TASK REQUIREMENTS => In the listing below, start your output at the line with "Elder flower orchid" and end it after the line with "Кросівки michael kors", copying every line exactly.

THE RECORDS =>
● ● ●

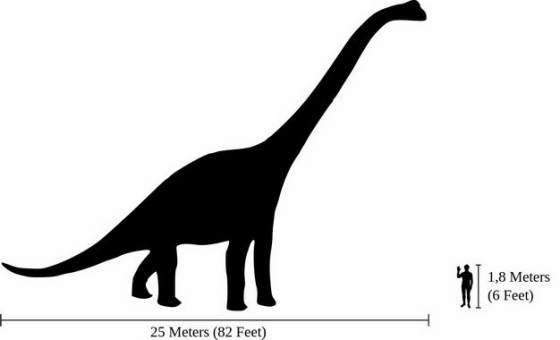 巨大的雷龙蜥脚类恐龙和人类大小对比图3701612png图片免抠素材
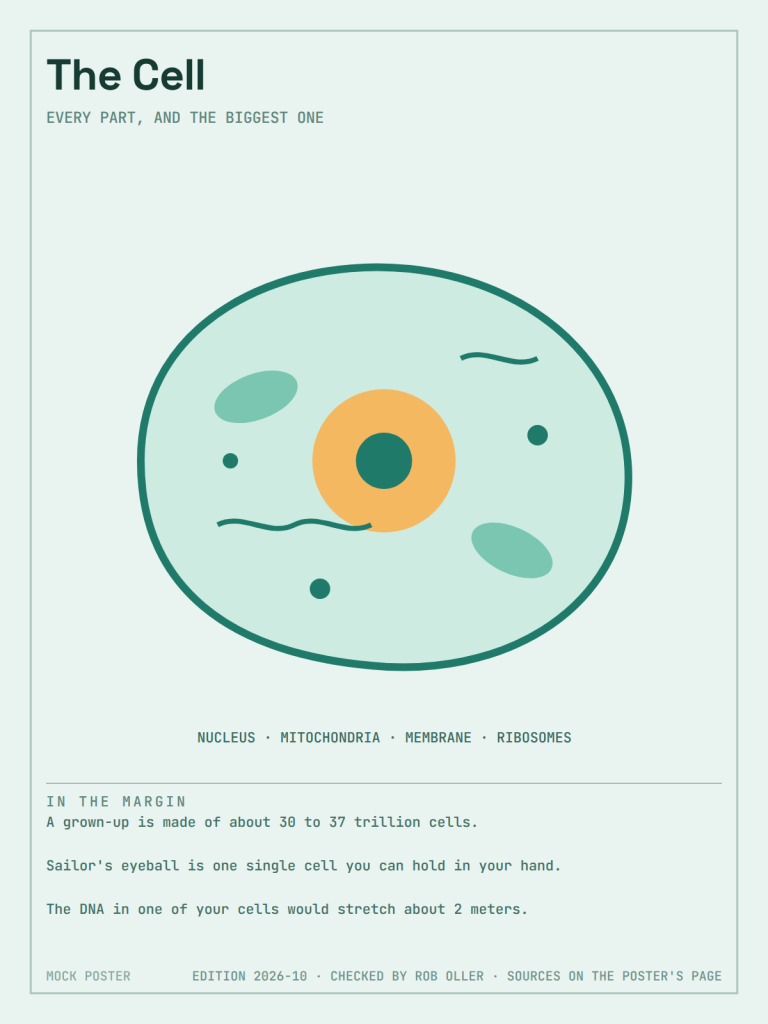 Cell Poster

● ● ●

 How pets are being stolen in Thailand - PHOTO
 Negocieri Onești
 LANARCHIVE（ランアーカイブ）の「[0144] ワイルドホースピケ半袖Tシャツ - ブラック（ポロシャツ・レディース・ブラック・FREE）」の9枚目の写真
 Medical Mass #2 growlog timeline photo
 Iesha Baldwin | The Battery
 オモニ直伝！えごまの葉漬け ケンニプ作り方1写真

● ● ●

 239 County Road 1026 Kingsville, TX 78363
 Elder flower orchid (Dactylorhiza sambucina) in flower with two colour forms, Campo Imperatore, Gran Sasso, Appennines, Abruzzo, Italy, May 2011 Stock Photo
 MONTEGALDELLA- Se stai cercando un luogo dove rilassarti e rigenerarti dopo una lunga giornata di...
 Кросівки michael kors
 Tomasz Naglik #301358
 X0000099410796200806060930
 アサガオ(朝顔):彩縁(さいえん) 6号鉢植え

● ● ●

WRITTEN SOLUTION =>
 Elder flower orchid (Dactylorhiza sambucina) in flower with two colour forms, Campo Imperatore, Gran Sasso, Appennines, Abruzzo, Italy, May 2011 Stock Photo
 MONTEGALDELLA- Se stai cercando un luogo dove rilassarti e rigenerarti dopo una lunga giornata di...
 Кросівки michael kors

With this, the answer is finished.